# PRSI/Levies refund for AVCs



## davidrouse (1 Jul 2008)

If you are claiming a refund of PRSI and Levies (total 5%) for pension contributions made outside the net pay arrangement you need to submit a Form CGPRSI1 which is available for download-

[broken link removed]


----------



## ClubMan (1 Jul 2008)

Don't you mean 6% (4% _PRSI _+ 2% health contribution) for many (most?) _PAYE _workers (_Class A PRSI_)?

Same issue covered here I presume?

Claiming PRSI relief on standalone private pension/PRSA contribution


----------



## davidrouse (1 Jul 2008)

Correctly pointed out, 6% for Class A employees.

Class S (self-employed) are 5%.

Also worth pointing out you won't get PRSI/Levy refund until after you receive an Income Tax refund in respect of the pension contributions for which the claim is made.


----------



## ClubMan (1 Jul 2008)

davidrouse said:


> Also worth pointing out you won't get PRSI/Levy refund until after you receive an Income Tax refund in respect of the pension contributions for which the claim is made.


Yes - that is pointed out in the thread to which I linked above.


----------



## Dave Vanian (2 Jul 2008)

davidrouse said:


> Correctly pointed out, 6% for Class A employees.
> 
> Class S (self-employed) are 5%.
> 
> Also worth pointing out you won't get PRSI/Levy refund until after you receive an Income Tax refund in respect of the pension contributions for which the claim is made.


 
Can self-employed people claim back their PRSI and Levies in respect of RAC contributions using the form you link to above?


----------



## Clarkey (2 Jul 2008)

Dave Vanian said:


> Can self-employed people claim back their PRSI and Levies in respect of RAC contributions using the form you link to above?


 
No only paye workers get PRSI/Health levy relief on pension contributions


----------



## ClubMan (2 Jul 2008)

Clarkey said:


> No only paye workers get PRSI/Health levy relief on pension contributions


One of you is wrong so?

PRSI relief on Pension for self-employed


----------



## Clarkey (2 Jul 2008)

ClubMan said:


> One of you is wrong so?
> 
> PRSI relief on Pension for self-employed


 
Confirmed by Simplyjoe no relief for self employed income


----------



## ClubMan (2 Jul 2008)

Clarkey said:


> Confirmed by Simplyjoe no relief for self employed income


Are you sure?

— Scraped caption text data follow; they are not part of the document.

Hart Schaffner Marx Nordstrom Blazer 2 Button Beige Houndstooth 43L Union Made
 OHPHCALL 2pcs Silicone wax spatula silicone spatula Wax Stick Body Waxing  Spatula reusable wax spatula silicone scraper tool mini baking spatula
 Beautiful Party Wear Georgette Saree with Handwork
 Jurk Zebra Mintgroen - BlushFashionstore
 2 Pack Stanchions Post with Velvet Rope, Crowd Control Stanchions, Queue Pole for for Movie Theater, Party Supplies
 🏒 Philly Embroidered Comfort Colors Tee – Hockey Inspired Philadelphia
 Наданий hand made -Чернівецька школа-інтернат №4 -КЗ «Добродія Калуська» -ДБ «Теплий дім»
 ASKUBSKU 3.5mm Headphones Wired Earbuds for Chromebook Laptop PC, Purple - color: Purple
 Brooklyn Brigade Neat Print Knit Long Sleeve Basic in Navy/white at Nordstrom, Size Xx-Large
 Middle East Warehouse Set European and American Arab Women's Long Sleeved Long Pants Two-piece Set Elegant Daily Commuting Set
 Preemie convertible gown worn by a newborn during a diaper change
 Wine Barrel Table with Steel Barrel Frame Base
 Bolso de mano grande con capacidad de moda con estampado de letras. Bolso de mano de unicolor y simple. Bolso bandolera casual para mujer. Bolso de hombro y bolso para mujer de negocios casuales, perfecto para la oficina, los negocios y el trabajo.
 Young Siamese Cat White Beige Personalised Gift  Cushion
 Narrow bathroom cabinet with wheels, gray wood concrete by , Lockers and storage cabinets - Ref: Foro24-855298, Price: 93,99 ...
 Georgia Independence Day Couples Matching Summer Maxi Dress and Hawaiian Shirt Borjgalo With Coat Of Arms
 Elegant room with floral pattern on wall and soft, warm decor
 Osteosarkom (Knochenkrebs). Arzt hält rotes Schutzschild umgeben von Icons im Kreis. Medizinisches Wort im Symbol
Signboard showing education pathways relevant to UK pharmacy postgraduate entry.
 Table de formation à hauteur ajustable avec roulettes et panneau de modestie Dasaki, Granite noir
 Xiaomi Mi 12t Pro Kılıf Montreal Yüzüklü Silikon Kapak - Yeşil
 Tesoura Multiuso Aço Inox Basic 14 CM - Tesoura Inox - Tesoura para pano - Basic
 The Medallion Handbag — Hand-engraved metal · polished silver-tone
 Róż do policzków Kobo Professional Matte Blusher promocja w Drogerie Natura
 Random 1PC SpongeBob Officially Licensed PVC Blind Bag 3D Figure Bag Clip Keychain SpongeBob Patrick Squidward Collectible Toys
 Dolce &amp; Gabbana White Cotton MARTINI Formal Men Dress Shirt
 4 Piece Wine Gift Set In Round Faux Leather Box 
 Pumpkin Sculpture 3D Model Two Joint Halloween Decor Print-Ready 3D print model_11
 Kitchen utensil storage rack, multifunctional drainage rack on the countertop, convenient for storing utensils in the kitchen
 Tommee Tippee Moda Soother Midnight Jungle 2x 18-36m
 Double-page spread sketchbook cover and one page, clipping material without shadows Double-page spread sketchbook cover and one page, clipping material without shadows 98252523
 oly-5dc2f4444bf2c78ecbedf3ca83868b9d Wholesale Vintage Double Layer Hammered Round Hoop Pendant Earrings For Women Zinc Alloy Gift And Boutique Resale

That's not how I read this post. In fact I got the complete opposite meaning to what you said above!


----------



## Clarkey (2 Jul 2008)

Read it again


----------



## ClubMan (2 Jul 2008)

Sorry - I overlooked a bit near the end.


----------



## jrewing (3 Jul 2008)

Up to what stage can I claim the PRSI refund on AVC contribution? I haven't yet filed my 2007 tax return.


----------



## ClubMan (3 Jul 2008)

You must claim tax relief first. Then you can claim _PRSI _relief. You can backdate such claims by 4 years as with tax claims as far as I know. But I think the _PRSI _refund scheme only came into force in 2006 or something like that anyway?


----------



## Clarkey (3 Jul 2008)

jrewing said:


> Up to what stage can I claim the PRSI refund on AVC contribution? I haven't yet filed my 2007 tax return.


 
AVCs are claimable up to filing date for 2007 return i.e. 31 October 2008 or approx. 2 weeks later if filing on ROS. If it is not *paid and claimed* by filing date you will only receive credit in your 2008 return

From Revenue leaflet IT14

If a contribution is paid after the end of the year, but before the following 31 October, relief may be allowed in the earlier year *provided an election to do so is made by the individual on or before the 31 October*. Taxpayers filing returns under ROS may avail of the extended filing date to make an election and pay a contribution


----------



## davidrouse (3 Jul 2008)

The extended deadline for ROS filers is Monday 17 November 2008. 

Therefore you have until 17/11/08 to make a pension contribution in respect of tax year 31/12/07 *provided you are filing your 2007 return via ROS*.

[broken link removed] confirms filing date.


----------